De 1500 aos dias atuais a população índigena foi reduzida em 10%, no entanto o número de brasileiros com DNA indígena aumentou mais de dez vezes. Algumas tribos do litoral, como os caiçaras, se misturaram pouco aos colonizadores, no entanto falam um segundo idioma e embora mantenham seus rituais já não se consideram uma população nativa. Desta maneira nosso país vai perdendo suas tradições aos poucos. O fundamental no texto de Narloch é analisar o quanto o próprio sujeito índio tem de responsável por seu “aportuguesamento”.

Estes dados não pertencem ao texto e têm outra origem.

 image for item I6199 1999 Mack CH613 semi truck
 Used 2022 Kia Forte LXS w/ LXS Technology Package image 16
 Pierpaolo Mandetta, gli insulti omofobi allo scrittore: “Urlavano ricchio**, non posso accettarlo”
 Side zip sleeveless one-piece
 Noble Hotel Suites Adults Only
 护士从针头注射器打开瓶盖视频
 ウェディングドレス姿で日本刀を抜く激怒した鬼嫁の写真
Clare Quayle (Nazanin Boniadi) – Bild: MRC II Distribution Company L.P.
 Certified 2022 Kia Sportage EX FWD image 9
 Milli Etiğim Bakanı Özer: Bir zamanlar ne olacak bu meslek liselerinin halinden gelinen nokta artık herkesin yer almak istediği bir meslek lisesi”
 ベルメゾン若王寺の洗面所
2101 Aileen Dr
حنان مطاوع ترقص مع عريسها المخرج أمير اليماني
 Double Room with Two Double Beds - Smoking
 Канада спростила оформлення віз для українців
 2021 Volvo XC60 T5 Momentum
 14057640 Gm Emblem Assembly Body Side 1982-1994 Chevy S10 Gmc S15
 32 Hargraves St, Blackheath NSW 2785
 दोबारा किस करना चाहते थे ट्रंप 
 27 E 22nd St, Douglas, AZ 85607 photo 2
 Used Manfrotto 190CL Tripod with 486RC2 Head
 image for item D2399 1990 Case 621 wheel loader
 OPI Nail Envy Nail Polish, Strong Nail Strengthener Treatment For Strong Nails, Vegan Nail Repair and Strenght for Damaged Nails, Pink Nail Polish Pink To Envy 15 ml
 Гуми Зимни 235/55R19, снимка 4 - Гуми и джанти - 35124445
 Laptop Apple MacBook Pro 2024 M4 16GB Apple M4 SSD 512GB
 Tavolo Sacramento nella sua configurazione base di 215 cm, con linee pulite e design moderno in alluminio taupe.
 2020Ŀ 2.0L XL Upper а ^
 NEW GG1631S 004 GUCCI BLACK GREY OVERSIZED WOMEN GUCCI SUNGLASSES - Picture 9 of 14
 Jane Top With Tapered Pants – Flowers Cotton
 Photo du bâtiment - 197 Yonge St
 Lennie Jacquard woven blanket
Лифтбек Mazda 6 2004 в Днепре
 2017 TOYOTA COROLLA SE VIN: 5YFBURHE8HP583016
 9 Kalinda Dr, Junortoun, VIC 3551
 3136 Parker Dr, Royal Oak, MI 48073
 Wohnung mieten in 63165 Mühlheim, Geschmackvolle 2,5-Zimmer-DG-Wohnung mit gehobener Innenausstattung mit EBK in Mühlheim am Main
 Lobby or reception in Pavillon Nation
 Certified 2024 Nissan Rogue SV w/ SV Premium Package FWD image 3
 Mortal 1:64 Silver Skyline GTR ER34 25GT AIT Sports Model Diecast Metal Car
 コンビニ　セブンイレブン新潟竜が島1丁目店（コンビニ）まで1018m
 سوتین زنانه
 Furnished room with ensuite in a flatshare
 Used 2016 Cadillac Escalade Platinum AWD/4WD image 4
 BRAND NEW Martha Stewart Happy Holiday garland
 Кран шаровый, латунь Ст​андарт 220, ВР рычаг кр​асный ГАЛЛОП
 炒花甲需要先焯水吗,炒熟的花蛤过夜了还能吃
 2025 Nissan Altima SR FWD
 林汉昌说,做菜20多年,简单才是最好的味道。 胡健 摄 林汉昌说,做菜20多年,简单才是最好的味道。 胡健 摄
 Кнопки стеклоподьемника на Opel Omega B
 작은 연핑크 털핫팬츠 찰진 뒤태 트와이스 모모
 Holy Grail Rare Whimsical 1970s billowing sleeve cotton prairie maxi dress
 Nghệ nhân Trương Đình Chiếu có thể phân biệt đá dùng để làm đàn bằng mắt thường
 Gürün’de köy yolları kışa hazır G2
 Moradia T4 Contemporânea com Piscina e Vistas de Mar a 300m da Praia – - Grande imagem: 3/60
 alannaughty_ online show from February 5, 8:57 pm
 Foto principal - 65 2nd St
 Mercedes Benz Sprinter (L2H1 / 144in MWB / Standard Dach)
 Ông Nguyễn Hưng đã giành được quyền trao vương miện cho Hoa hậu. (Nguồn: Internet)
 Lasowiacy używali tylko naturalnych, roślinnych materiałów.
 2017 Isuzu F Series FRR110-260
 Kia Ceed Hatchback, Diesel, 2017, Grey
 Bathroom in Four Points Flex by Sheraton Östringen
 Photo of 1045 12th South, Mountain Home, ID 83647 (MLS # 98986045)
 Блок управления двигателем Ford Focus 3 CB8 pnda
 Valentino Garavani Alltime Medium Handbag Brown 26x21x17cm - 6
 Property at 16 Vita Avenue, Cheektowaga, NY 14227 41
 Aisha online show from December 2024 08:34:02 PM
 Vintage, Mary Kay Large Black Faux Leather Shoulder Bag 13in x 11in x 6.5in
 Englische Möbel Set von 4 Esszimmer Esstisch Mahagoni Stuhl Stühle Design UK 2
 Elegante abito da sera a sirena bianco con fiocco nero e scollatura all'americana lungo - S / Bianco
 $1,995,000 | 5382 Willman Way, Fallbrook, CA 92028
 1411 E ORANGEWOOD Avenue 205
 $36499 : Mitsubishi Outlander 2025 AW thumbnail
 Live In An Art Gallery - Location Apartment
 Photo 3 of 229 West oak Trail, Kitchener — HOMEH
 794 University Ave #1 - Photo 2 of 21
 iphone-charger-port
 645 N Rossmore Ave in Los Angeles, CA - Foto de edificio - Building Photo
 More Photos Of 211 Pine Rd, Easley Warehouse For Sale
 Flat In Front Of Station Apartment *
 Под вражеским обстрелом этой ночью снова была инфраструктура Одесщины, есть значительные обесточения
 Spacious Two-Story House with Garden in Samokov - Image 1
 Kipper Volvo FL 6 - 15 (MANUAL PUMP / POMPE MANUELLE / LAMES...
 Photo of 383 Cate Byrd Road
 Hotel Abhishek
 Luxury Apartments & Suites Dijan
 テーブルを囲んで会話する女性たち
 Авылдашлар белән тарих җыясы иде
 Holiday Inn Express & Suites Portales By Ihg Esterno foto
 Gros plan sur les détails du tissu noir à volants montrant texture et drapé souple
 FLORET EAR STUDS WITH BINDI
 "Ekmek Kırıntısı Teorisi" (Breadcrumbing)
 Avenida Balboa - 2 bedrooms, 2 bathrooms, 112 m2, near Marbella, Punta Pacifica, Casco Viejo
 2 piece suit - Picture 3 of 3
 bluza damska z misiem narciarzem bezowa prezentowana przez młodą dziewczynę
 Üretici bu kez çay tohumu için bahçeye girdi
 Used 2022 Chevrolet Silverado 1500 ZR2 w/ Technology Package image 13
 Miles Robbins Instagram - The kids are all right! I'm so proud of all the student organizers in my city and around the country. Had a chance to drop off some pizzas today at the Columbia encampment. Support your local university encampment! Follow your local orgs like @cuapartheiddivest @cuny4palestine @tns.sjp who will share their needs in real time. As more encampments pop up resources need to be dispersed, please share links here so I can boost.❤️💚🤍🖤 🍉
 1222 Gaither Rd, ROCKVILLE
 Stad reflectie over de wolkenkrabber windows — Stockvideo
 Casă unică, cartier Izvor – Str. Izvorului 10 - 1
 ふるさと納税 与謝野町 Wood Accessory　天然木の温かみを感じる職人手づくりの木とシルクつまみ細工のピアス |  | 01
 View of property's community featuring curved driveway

Os portugueses em sala de aula ainda são vistos como maldosos interesseiros, exploradores de riquezas e mão de obra, só que novas abordagens históricas já revelam que as tribos não eram tão conscientes com a natureza, muitas delas colocavam fogo nas florestas para cercar animais e começar plantações. Os jesuítas acabaram salvando a Mata Atlântica dessas agressões diárias quando trouxeram as técnicas de plantio aplicadas nas missões. Esse post é somente um resumo da obra de Leandro Narloch, a leitura do livro como um todo é fundamental, logo deixo a dica para todos os interessados no tema.
Sugiro que após a leitura você faça uma breve revisão de seus conceitos, pois como é possível perceber não existem somente heróis índios e vilões brancos, trata-se de um processo longo e repleto de controvérsias negadas nos matérias didáticos brasileiros. Nesse momento também é interessante fazer um apelo a nossos governos pra que resgatem a verdadeira história de nossas populações locais e valorizem suas tradições, algo tão belo não deveria ser menosprezado e esquecido, a desapropriação das aldeias na região onde será instalada a Usina de Belo Monte é um belo exemplo de ignorância e ganância que estamos assistindo bestializados sem qualquer esforço para conte-la, infelizmente. Eis o Brasil.